Loosen the giant Xapian lock in "mu server"?

111 views
Skip to first unread message

derek...@gmail.com

unread,
Jan 17, 2013, 1:30:34 AM1/17/13
to mu-di...@googlegroups.com
The Xapian docs say that the locks on Xapian databases allow for one writer but multiple readers.  Looking in mu-cmd.c, one can see how the mu implementation sets up a read-only store for "find" calls, but a read-write store for the other calls that hit the index:

    case MU_CONFIG_CMD_FIND:
        merr = with_store (mu_cmd_find, opts, TRUE, err);      break;
    case MU_CONFIG_CMD_INDEX:
        merr = with_store (mu_cmd_index, opts, FALSE, err);    break;
    case MU_CONFIG_CMD_ADD:
        merr = with_store (mu_cmd_add, opts, FALSE, err);      break;
    case MU_CONFIG_CMD_REMOVE:
        merr = with_store (mu_cmd_remove, opts, FALSE, err);   break;
    case MU_CONFIG_CMD_SERVER:
        merr = with_store (mu_cmd_server, opts, FALSE, err);   break;

This is why if you are running mu4e, no other mu process can refresh the index.  The server is grabbing the write lock "just in case" it needs to write.

Would it be possible to...
  1. run mu_cmd_server in a read-only context, and
  2. if mu_cmd_server needs to do a write action ("index", "add", "remove", possibly "guile"), have it allocate a writeable store alongside the read-only store and pass that to the callback, deallocating it at the end?
This would let people run a background process to sync the maildir and refresh the index, and that process would continue to work properly whether they were running zero, one, or N instances of mu4e.

Dirk-Jan C. Binnema

unread,
Jan 17, 2013, 1:37:45 PM1/17/13
to mu-di...@googlegroups.com
Hi Derek,

On Thu, Jan 17 2013, derek...@gmail.com wrote:

> The Xapian docs say that the locks on Xapian databases allow for one writer
> but multiple readers.

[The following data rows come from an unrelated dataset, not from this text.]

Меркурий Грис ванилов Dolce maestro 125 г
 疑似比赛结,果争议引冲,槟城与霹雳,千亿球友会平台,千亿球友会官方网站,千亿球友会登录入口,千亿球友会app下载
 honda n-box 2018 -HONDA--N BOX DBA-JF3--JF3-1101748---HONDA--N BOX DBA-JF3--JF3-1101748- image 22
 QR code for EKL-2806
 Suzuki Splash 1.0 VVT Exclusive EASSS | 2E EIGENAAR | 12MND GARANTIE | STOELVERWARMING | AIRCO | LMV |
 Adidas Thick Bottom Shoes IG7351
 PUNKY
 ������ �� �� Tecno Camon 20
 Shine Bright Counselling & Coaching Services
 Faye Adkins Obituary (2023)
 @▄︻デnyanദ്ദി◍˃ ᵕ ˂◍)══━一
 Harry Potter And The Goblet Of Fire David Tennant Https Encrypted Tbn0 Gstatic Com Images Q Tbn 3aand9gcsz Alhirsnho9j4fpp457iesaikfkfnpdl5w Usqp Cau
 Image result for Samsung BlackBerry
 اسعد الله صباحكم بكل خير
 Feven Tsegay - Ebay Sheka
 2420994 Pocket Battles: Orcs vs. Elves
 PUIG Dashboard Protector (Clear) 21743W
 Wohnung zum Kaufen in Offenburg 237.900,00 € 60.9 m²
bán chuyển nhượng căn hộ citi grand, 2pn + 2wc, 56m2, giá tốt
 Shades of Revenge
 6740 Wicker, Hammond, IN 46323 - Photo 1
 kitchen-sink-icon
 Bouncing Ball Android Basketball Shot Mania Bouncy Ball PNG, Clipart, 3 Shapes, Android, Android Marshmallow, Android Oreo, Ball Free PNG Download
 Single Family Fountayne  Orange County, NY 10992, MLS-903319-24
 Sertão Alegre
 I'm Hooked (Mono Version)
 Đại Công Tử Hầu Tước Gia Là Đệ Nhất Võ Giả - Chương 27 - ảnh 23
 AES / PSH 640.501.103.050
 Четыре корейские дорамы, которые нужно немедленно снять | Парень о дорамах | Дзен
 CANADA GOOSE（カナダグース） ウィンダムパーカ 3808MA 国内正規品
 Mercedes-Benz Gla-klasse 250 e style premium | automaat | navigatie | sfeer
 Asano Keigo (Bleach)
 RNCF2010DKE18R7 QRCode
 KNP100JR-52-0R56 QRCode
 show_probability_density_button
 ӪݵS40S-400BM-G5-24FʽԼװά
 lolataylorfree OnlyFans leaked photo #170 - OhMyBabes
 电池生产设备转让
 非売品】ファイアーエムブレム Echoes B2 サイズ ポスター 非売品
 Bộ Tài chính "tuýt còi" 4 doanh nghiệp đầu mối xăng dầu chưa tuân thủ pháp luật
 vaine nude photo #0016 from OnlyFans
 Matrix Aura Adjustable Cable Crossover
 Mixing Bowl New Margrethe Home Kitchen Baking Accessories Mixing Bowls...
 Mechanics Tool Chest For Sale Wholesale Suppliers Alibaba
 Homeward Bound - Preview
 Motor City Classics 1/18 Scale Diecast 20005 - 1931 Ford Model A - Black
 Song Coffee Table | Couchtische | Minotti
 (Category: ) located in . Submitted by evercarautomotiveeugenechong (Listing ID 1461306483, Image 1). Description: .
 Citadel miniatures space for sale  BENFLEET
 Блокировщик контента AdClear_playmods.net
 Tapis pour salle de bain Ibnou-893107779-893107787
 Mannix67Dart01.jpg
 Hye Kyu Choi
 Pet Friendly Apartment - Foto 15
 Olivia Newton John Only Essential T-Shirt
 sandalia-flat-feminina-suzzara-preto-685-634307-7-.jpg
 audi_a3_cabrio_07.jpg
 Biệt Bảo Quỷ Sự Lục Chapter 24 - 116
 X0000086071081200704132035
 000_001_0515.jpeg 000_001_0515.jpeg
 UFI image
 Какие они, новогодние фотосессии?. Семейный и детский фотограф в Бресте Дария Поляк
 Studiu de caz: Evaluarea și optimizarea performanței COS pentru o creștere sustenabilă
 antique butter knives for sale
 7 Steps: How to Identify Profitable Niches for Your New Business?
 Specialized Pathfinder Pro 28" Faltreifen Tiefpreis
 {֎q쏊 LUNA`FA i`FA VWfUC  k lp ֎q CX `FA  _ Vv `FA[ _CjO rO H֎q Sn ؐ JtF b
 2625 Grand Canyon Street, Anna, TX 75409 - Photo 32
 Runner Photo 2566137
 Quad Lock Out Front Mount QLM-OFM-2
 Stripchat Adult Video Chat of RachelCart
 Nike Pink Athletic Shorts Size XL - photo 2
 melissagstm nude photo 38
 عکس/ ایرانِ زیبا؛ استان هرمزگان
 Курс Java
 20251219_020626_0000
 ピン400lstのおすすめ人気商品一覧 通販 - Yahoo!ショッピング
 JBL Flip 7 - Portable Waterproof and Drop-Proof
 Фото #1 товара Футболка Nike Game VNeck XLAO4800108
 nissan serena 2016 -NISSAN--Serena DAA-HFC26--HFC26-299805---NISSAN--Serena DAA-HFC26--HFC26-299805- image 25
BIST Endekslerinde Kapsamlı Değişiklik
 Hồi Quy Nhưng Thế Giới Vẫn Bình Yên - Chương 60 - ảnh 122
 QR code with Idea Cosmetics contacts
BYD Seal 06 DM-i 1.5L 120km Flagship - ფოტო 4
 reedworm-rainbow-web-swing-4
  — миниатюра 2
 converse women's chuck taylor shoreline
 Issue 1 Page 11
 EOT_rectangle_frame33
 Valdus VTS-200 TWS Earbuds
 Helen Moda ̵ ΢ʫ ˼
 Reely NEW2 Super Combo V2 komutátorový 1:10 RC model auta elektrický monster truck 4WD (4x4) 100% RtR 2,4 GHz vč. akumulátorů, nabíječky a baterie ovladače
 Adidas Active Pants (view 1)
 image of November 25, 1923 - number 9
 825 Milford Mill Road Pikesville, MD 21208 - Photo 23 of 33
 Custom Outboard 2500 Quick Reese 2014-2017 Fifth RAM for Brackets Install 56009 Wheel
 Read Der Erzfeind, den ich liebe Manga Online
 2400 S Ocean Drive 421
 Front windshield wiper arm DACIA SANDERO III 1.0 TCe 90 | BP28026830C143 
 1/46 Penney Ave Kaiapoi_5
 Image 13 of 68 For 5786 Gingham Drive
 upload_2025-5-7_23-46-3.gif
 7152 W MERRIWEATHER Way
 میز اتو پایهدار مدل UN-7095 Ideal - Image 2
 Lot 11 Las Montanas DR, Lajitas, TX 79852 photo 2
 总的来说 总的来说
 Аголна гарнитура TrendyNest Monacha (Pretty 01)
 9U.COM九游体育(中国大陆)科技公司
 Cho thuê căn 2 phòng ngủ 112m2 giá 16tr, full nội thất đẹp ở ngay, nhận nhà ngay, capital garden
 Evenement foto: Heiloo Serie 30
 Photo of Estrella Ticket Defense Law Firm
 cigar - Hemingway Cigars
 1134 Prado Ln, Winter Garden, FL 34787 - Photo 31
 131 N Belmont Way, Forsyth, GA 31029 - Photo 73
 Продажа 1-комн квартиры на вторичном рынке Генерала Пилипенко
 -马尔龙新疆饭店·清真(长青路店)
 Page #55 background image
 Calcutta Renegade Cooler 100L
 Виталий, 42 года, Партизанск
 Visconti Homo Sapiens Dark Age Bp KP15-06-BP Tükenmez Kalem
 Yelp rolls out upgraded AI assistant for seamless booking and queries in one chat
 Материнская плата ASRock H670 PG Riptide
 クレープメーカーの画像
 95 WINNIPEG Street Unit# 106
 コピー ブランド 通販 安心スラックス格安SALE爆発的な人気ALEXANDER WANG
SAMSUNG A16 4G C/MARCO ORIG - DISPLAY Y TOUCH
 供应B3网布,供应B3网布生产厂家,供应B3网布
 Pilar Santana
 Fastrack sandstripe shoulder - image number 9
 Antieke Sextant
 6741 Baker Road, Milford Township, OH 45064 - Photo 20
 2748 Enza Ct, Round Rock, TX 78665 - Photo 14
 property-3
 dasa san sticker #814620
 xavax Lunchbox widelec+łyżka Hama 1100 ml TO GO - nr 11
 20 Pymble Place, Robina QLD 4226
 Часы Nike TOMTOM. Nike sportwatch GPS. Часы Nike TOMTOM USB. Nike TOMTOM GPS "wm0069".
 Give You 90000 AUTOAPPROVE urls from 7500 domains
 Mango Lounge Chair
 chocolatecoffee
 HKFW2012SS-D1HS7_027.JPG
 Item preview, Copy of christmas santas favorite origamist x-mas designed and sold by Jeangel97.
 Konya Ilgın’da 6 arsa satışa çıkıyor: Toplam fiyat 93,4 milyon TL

Looking in mu-cmd.c, one can see how the mu
> implementation sets up a read-only store for "find" calls, but a read-write
> store for the other calls that hit the index:
>
> case MU_CONFIG_CMD_FIND:
> merr = with_store (mu_cmd_find, opts, TRUE, err); break;
> case MU_CONFIG_CMD_INDEX:
> merr = with_store (mu_cmd_index, opts, FALSE, err); break;
> case MU_CONFIG_CMD_ADD:
> merr = with_store (mu_cmd_add, opts, FALSE, err); break;
> case MU_CONFIG_CMD_REMOVE:
> merr = with_store (mu_cmd_remove, opts, FALSE, err); break;
> case MU_CONFIG_CMD_SERVER:
> merr = with_store (mu_cmd_server, opts, FALSE, err); break;
>
> This is why if you are running mu4e, no other mu process can refresh the
> index. The server is grabbing the write lock "just in case" it needs to
> write.

Indeed.

> Would it be possible to...
>
> 1. run mu_cmd_server in a read-only context, and
> 2. if mu_cmd_server needs to do a write action ("index", "add",
> "remove", possibly "guile"), have it allocate a writeable store alongside
> the read-only store and pass that to the callback, deallocating it at the
> end?
>
> This would let people run a background process to sync the maildir and
> refresh the index, and that process would continue to work properly whether
> they were running zero, one, or N instances of mu4e.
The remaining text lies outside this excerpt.